Il figlio non è affatto pentito; è affamato e ancora pensa che il padre sia un
tontolone da manipolare.
L’altro figlio invece, torna dal lavoro stanco e si offende della festa che il
padre ha fatto in onore del figlio minore.
Come dargli torto?
Il suo cuore è piccolo ma la sua giustizia grande; sì, è vero, il Padre si
comporta ingiustamente nei suoi confronti.
Giusto; lui lavora da anni e non ha mai osato chiedere nulla.
Il figlio maggiore pensa che Dio sia uno da tenere buono, che ora fatichiamo
ed obbediamo ma che, alla fine, avremo il premio, ci verrà riconosciuta la
fatica che abbiamo vissuto e tutte le messe che ci siamo sciroppate.

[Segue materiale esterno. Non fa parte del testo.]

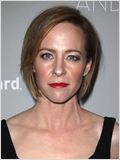 amy-hargreaves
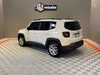 RENEGADE 1.8 16V FLEX LIMITED 4P AUTOMÁTICO - 2016 - GRAMADO
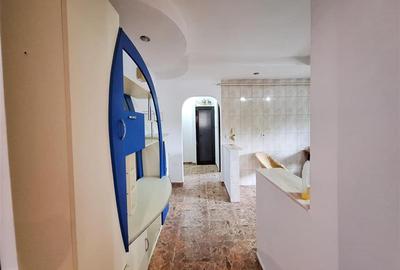 Apartament 2 camere decomandate, zona Energiei - 10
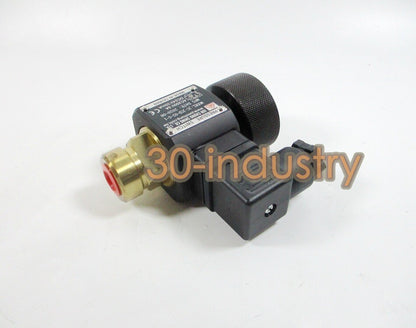 1PCS FOR JC-JCD-02-S-1 DC24V/20mA Pressure Switch Relay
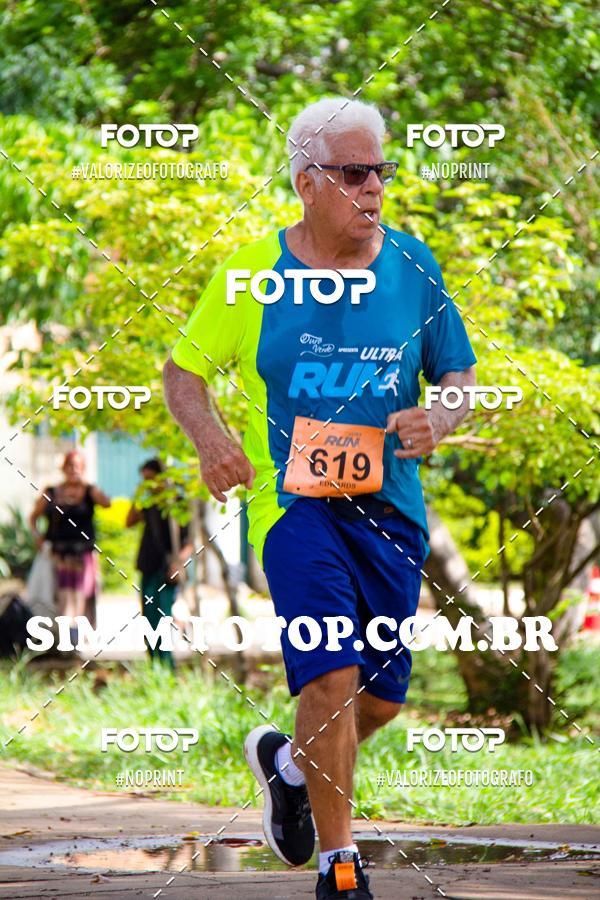 Buy your photos of the eventOuro Verde Ultra Run on Fotop
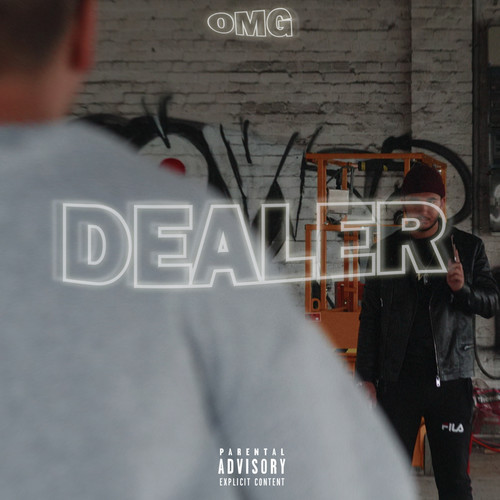 Dealer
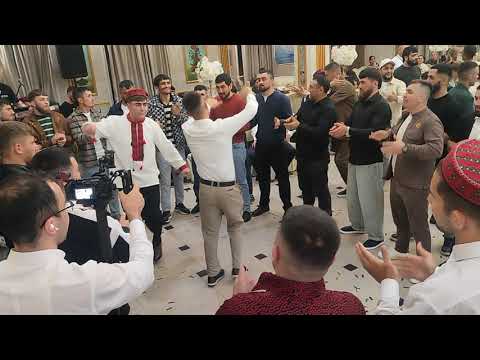 Видео: Сохибназар суруди чазми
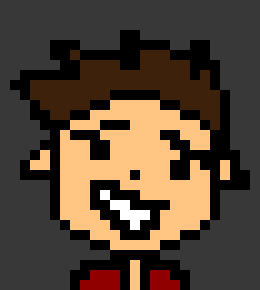 [792c84] Ya especially when they cant do anything! -Adam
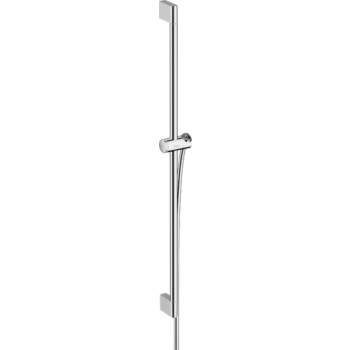  - HANSGROHE Pulsify zestaw natryskowy chrom 24401000 - 24401000 - Łazienki Szydłowski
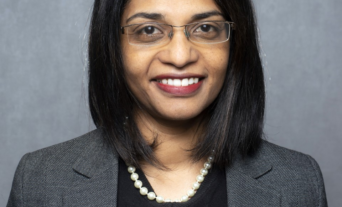 Dr Kathreena Kurian profile pic.png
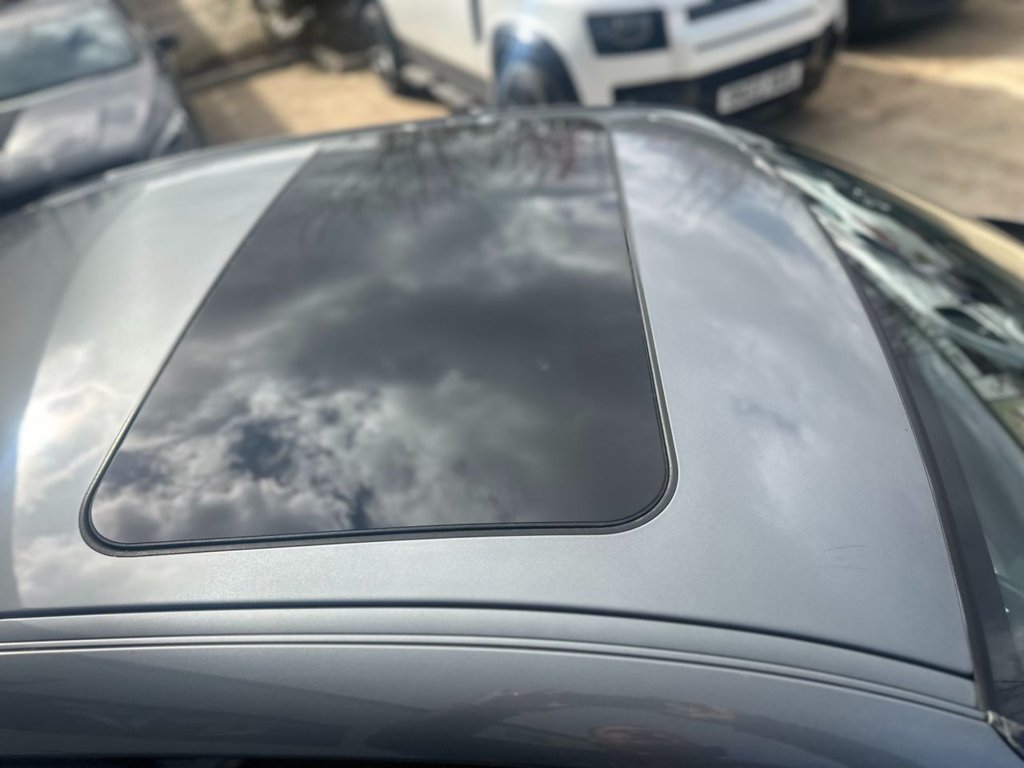 Used BMW 5 Series 2009 for sale - 78044892: Photo 20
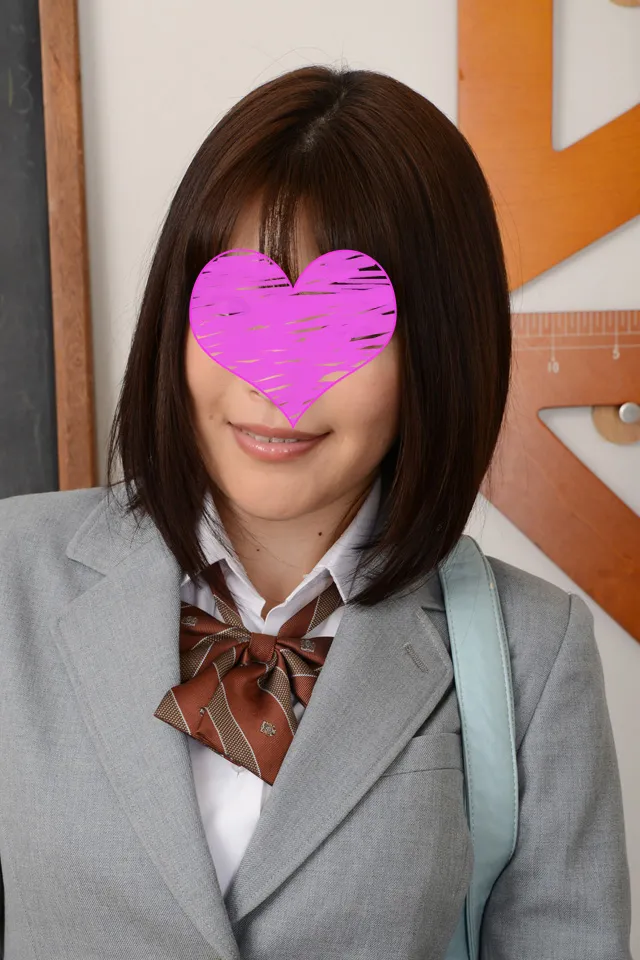 あみ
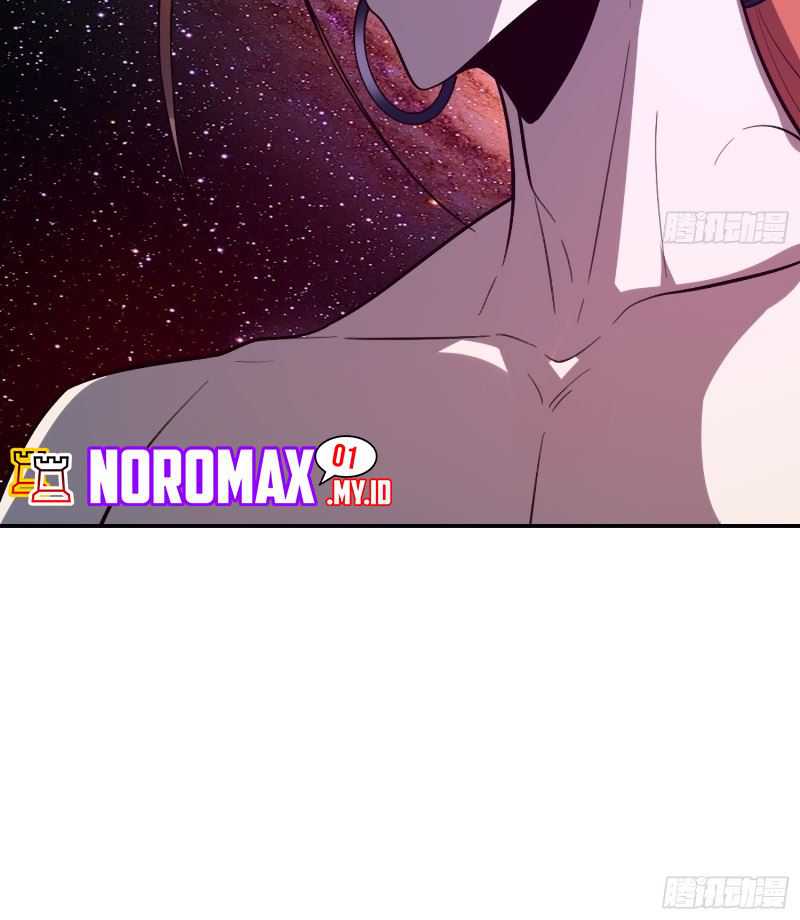 I’m Actually A Cultivation Bigshot Chapter 510 Gambar 33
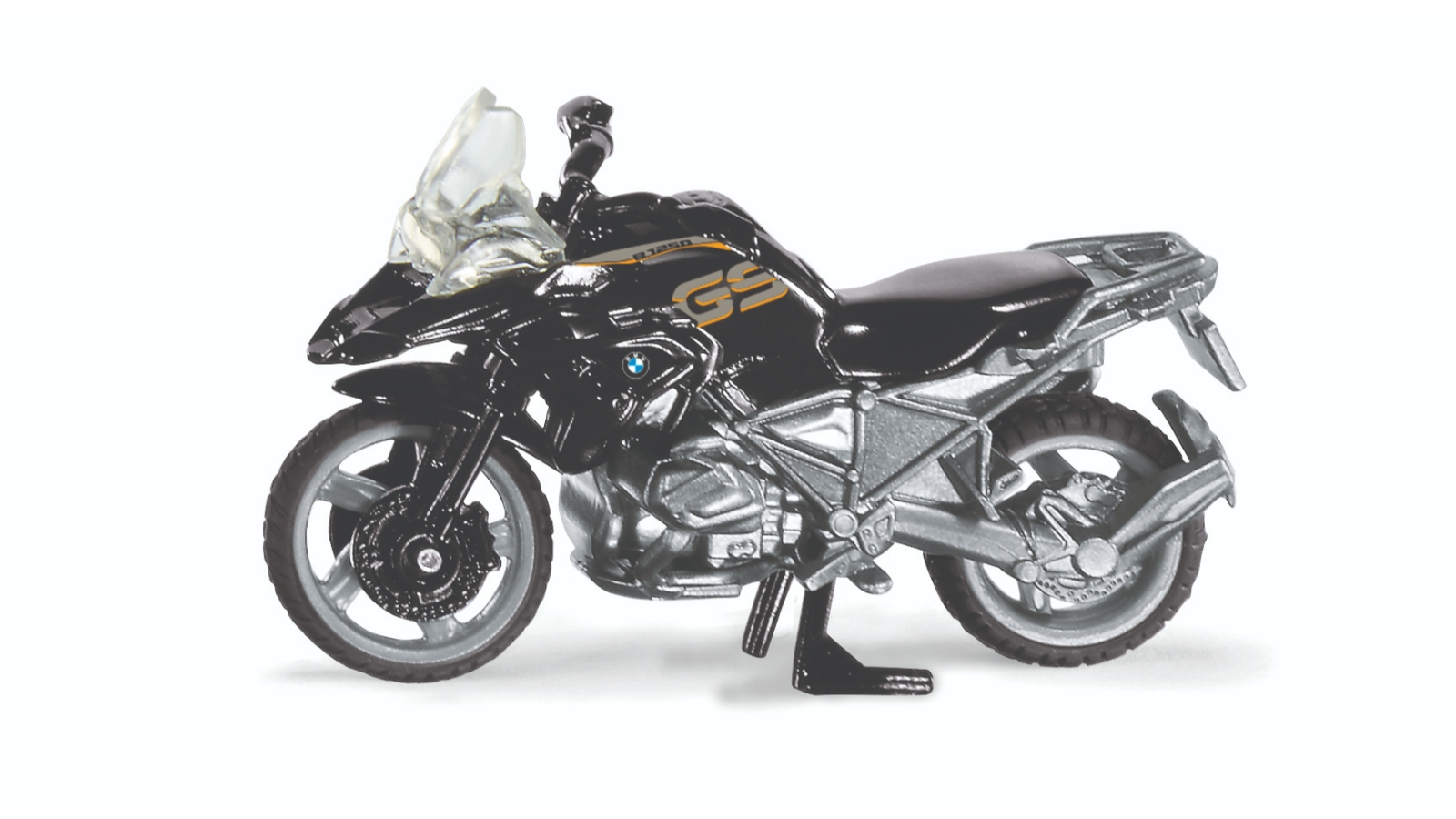 Siku - BMW R 1250 GS LCI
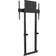 Neomounts Move Lift WL55-875BL1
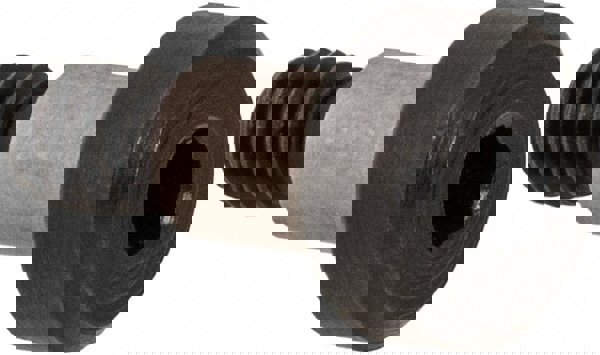 Precision Shoulder Screw: 5/32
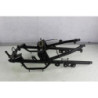 Boucle de cadre arrière SUZUKI SV 650 S 1998 à 2002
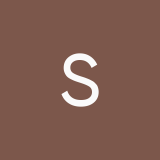 shlwx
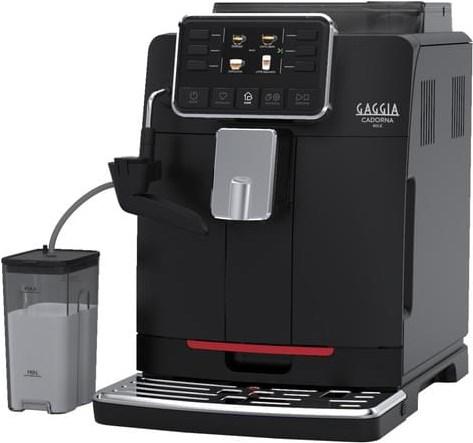 Produktbild Gaggia RI9603/01 Cadorna Milk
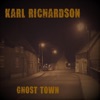Ghost Town - EP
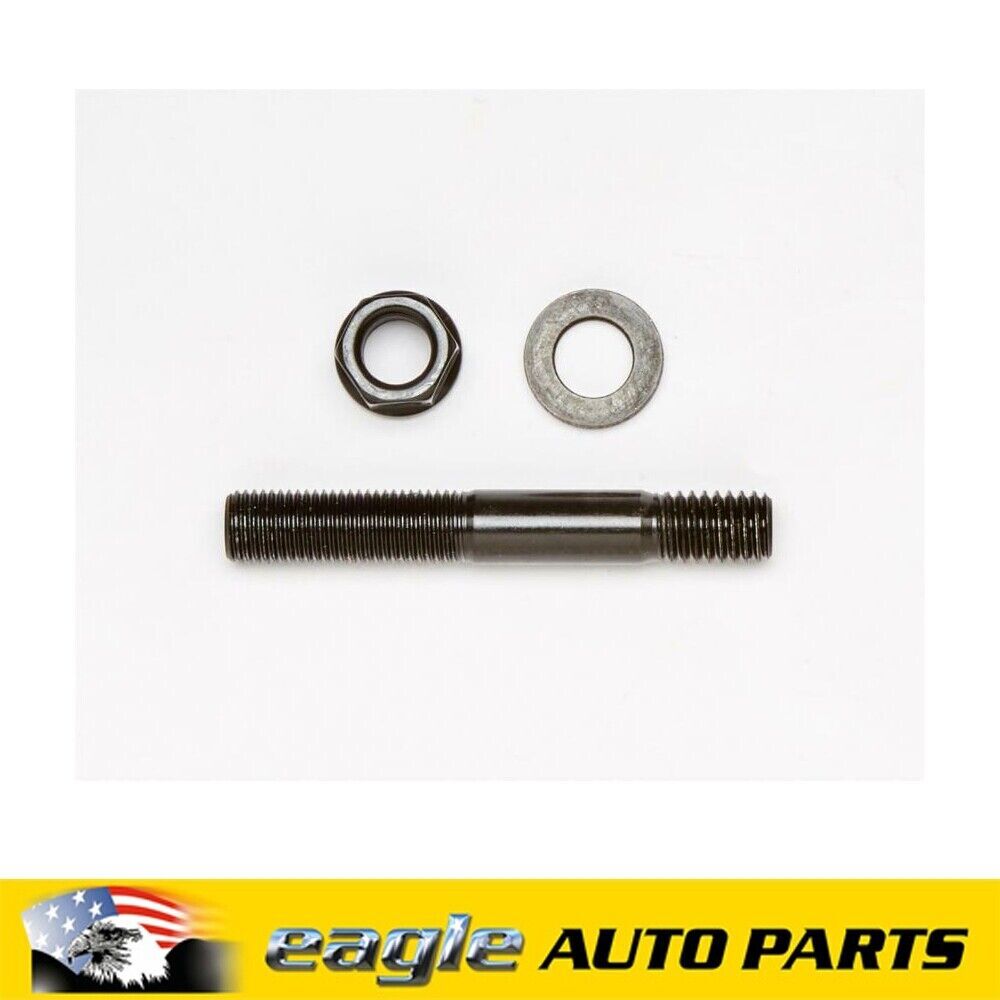 Chev V8 350 383 454 High Volume ARP Oil Pump Stud Kit   # 230-7003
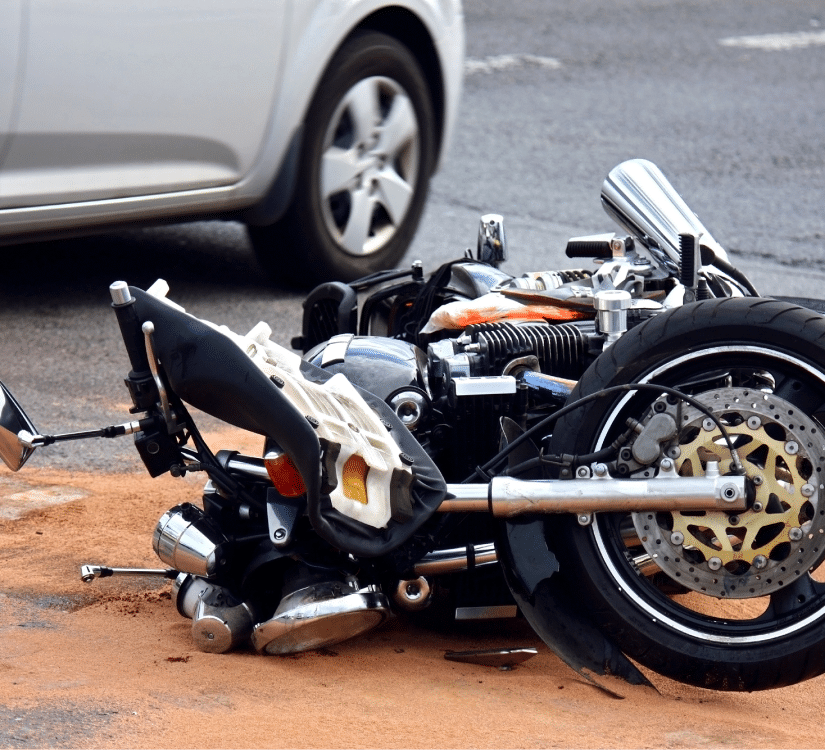 motorcycle-accidents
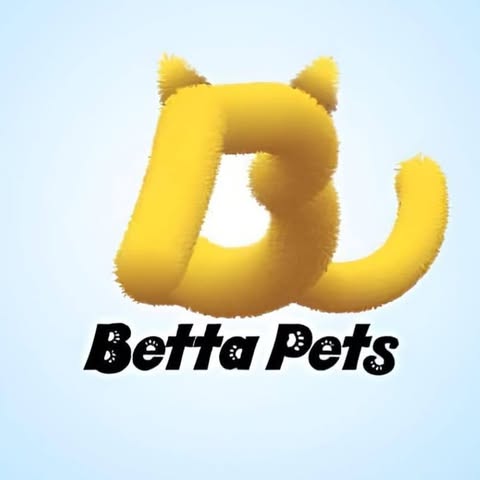 BETTA MOBILE SDN BHD logo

Lui è uno mortificato, senza grilli per la testa, lui è il bravo figlio che tutti
Vorrebbero; perché il padre si comporta in quel modo?
Bene, fermatevi qui, ora.
Niente bei finali, Luca si stoppa.
Non dice se il primo figlio apprezzò il gesto del Padre e, finalmente, cambiò idea.
Né dice se il fratello, inteneritosi, entrò a far festa.
No, la parabola finisce aperta, senza scontate soluzioni, senza facili
moralismi e finali da Principe Azzurro.
Possiamo stare col Padre senza vederlo, possiamo lavorare con lui senza
gioirne, possiamo lasciare che la nostra fede diventi ossequio rispettoso
senza che ci faccia esplodere il cuore di gioia.
Il Vangelo ci dice ancora una volta che Dio ci considera adulti, che affida alle
nostre mani le decisioni, che non si sostituisce alle nostre scelte.
E ora, per favore, smettiamola di guardare questi due idioti, così simili a noi.
Piccoli e meschini, come noi.
E guardiamo al Padre, per favore.
Io vedo un Padre che lascia andare il figlio anche se sa che si farà del male
(l’avremmo lasciato andare?).
Vedo un Padre che scruta l’orizzonte ogni giorno.
Vedo un Padre che non rinfaccia né chiede ragione dei soldi spesi (“te l’avevo
detto io!”), che non accusa, che abbraccia, che smorza le scuse (e non le vuole),
che restituisce dignità e che fa festa.
Vedo un Padre ingiusto, esagerato, che ama un figlio che gli augurava la
morte (“dammi l’eredità!”) che vaneggiava nel delirio (“mi spetta!”), un Padre
che sa che questo figlio ancora non è guarito dentro ma pazienta e fa già festa.
Vedo un Padre che esce a pregare lo stizzito fratello maggiore, che tenta di
giustificarsi, di spiegare le sue buone ragioni.
Ecco, vedo questo Padre che accetta la libertà dei figli, che pazienta,
che indica, che stimola.
Lo vedo e impallidisco.
Dunque; Dio è così? Fino a qui? Così tanto?
Sì, amici. Dio è questo e non altro.
Dio è così e non diversamente.
E il Dio in cui credo è finalmente questo?
Gesù sta per morire per affermare questa verità, è disposto a farsi
scannare pur di non rinnegare questa inattesa rivelazione.
Dio è prodigo, scialacquone, sciupone, non il figlio.
Perché di esagerato, di eccessivo, in questa storia, c’è solo l’amore di Dio.
Santa Domenica amici, ricordiamoci che abbiamo un Dio che ci ama, perché
una storia così io l’ho vissuta, ed ora posso parlarne serenamente, Fausto.